▶

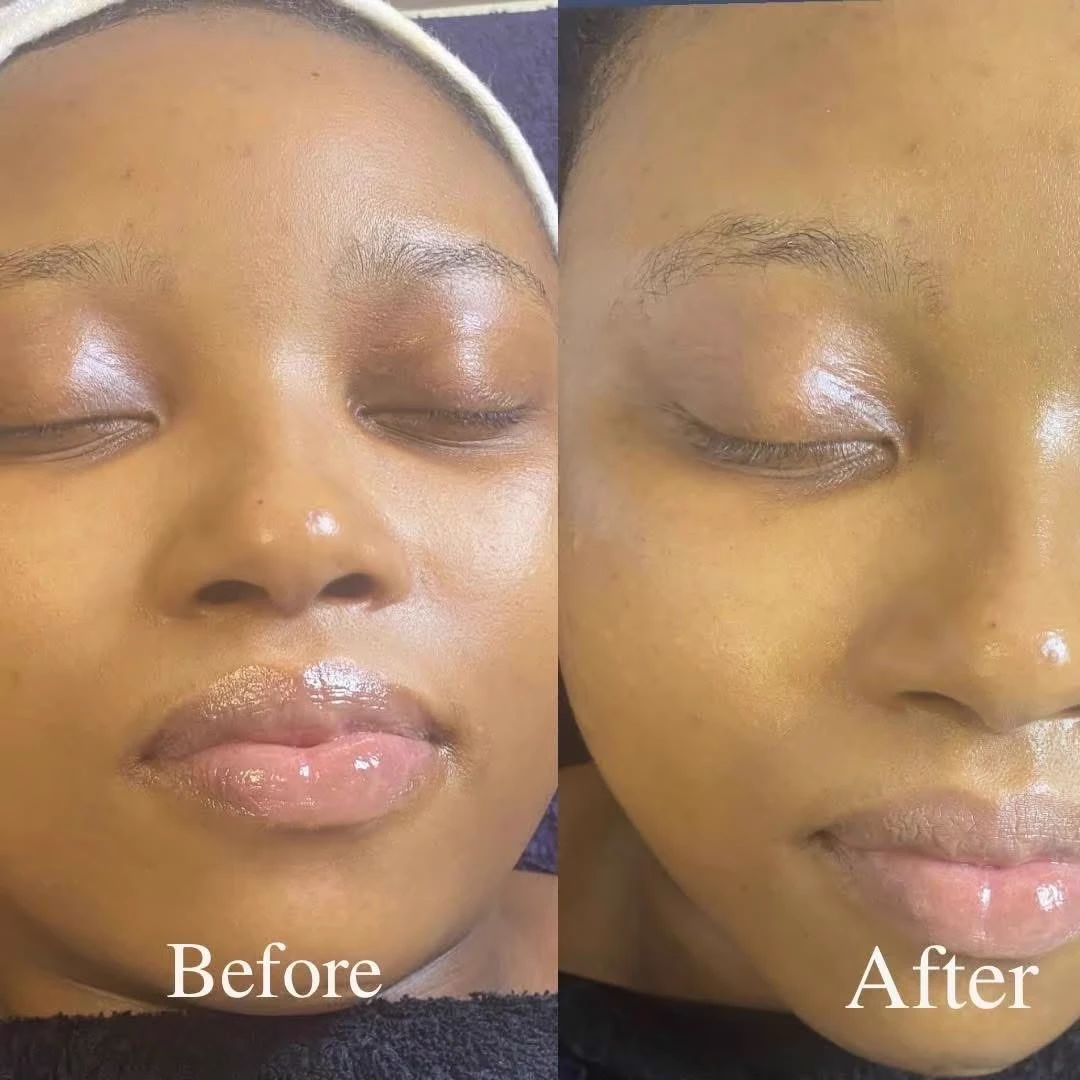 Documented clinical before and after outcome for facial radiance and hydration
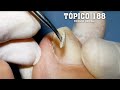 UNHA ENCRAVADA CAUSADA POR FUNGOS (INGROWN TOENAIL CAUSED BY FUNGI) - PODÓLOGO MAURÉLIO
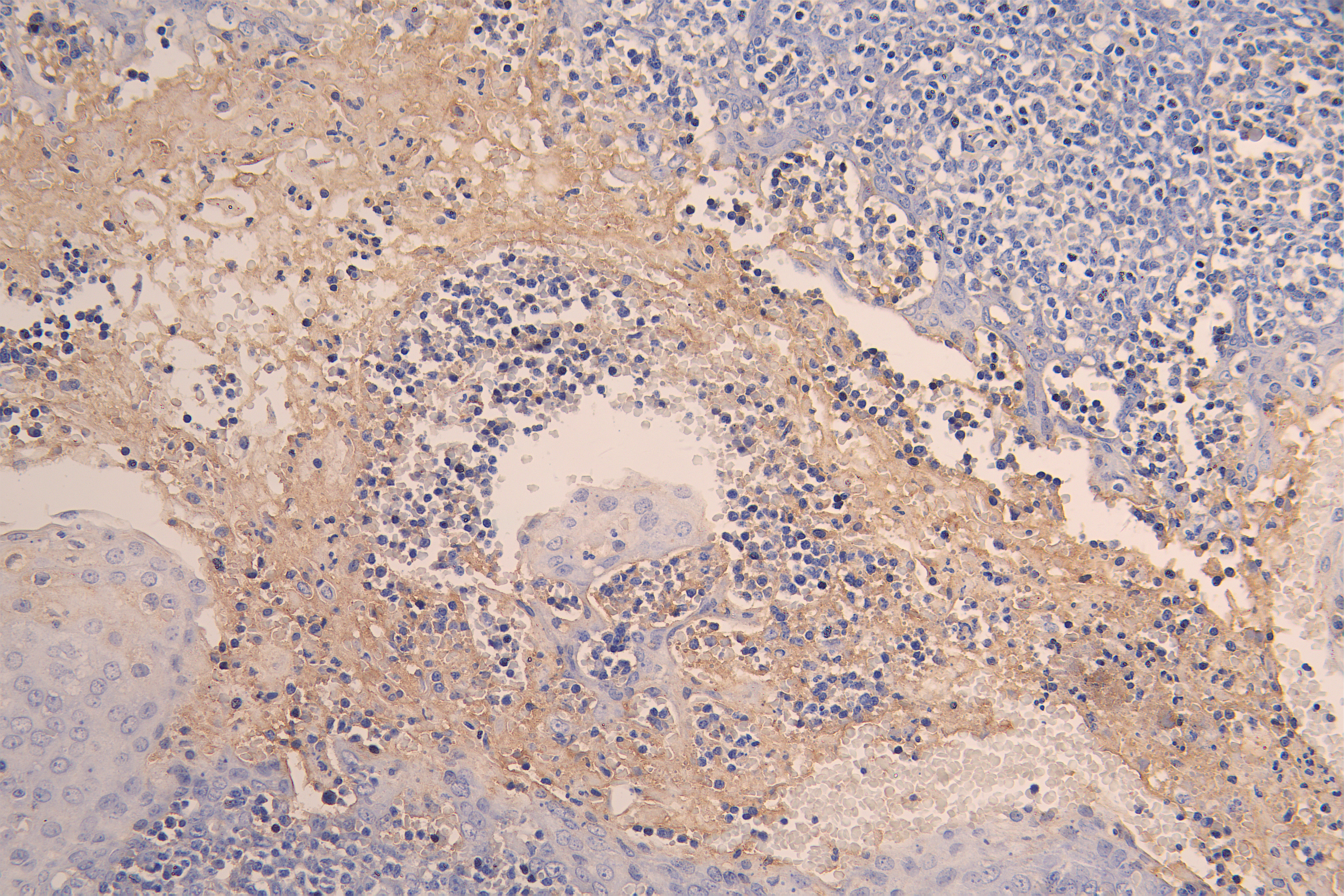 IHC image of CSB-RA004928MA1HU diluted at 1:200 and staining in paraffin-embedded human tonsil tissue performed on a Leica BondTM system. After dewaxing and hydration, antigen retrieval was mediated by high pressure in a citrate buffer (pH 6.0). Section was blocked with 10% normal goat serum 30min at RT. Then primary antibody (1% BSA) was incubated at 4°C overnight. The primary is detected by a Goat anti-human polymer IgG labeled by HRP and visualized using 0.05% DAB.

◀

WHAT TO DO: Apart from the pictures, every line above must be printed exactly.

TASK SOLUTION:
 Documented clinical before and after outcome for facial radiance and hydration
 UNHA ENCRAVADA CAUSADA POR FUNGOS (INGROWN TOENAIL CAUSED BY FUNGI) - PODÓLOGO MAURÉLIO
 IHC image of CSB-RA004928MA1HU diluted at 1:200 and staining in paraffin-embedded human tonsil tissue performed on a Leica BondTM system. After dewaxing and hydration, antigen retrieval was mediated by high pressure in a citrate buffer (pH 6.0). Section was blocked with 10% normal goat serum 30min at RT. Then primary antibody (1% BSA) was incubated at 4°C overnight. The primary is detected by a Goat anti-human polymer IgG labeled by HRP and visualized using 0.05% DAB.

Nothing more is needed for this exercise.